## Data section
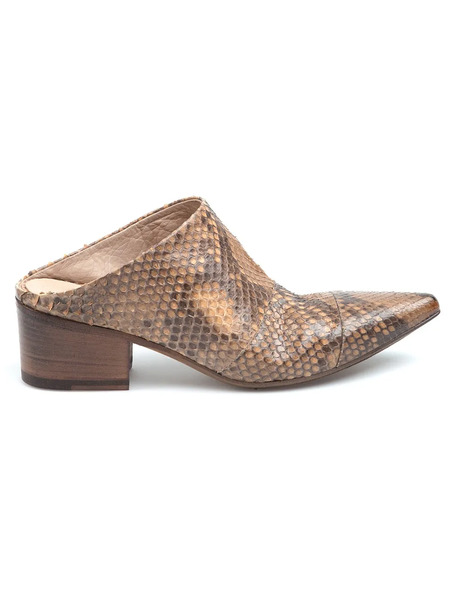  Settima Pointed Toe Mules - Brown 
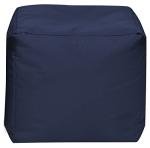 Gouchee Home Cube Brava Pouf Ottoman Foot Rest - Navy - Modern Square Bean Bag Chair with Water Repellent Fabric - Floor Pouf for Living Room, Bedroom or Patio - Foot Rest for Indoor and Outdoor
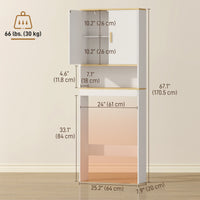 Over the Toilet Storage Shelf Adjustable Shelf Over the Toilet Storage Cabinet for Bathroom White and Oak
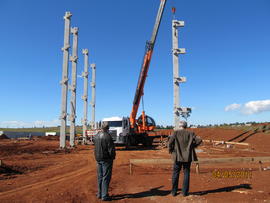 Construção Blocos A e B – Campus Chapecó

## Action item
Output the whole of the data, unchanged; keep the pictures out.

## Solved exercise
  Settima Pointed Toe Mules - Brown 
 Gouchee Home Cube Brava Pouf Ottoman Foot Rest - Navy - Modern Square Bean Bag Chair with Water Repellent Fabric - Floor Pouf for Living Room, Bedroom or Patio - Foot Rest for Indoor and Outdoor
 Over the Toilet Storage Shelf Adjustable Shelf Over the Toilet Storage Cabinet for Bathroom White and Oak
 Construção Blocos A e B – Campus Chapecó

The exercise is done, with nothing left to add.